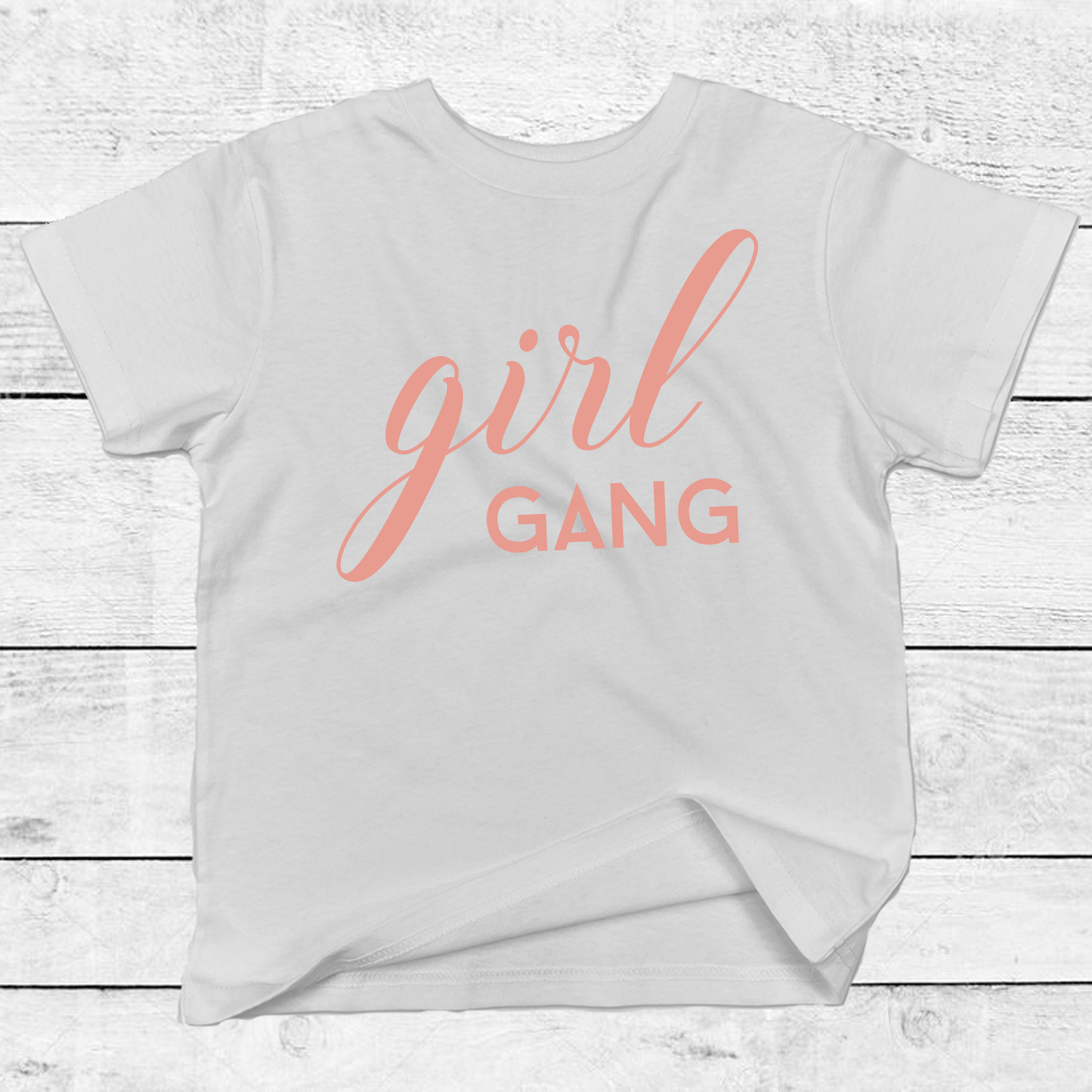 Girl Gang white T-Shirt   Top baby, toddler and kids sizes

****

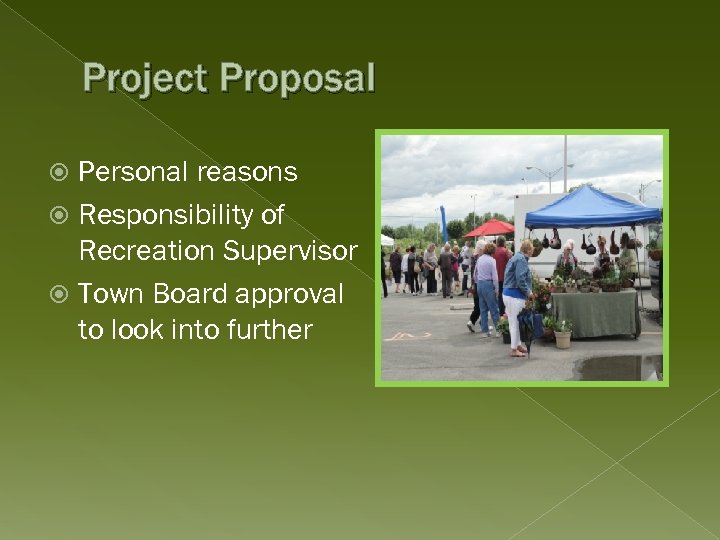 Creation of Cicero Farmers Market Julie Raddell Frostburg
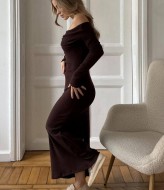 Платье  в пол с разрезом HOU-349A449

****

-- Exercise --
In the entries above, find the line containing "Creation of Cicero" and the line containing "с разрезом HOU-349A449"; give again exactly those two lines and every line between them, minus the pictures.

-- Written answer --
 Creation of Cicero Farmers Market Julie Raddell Frostburg
 Платье  в пол с разрезом HOU-349A449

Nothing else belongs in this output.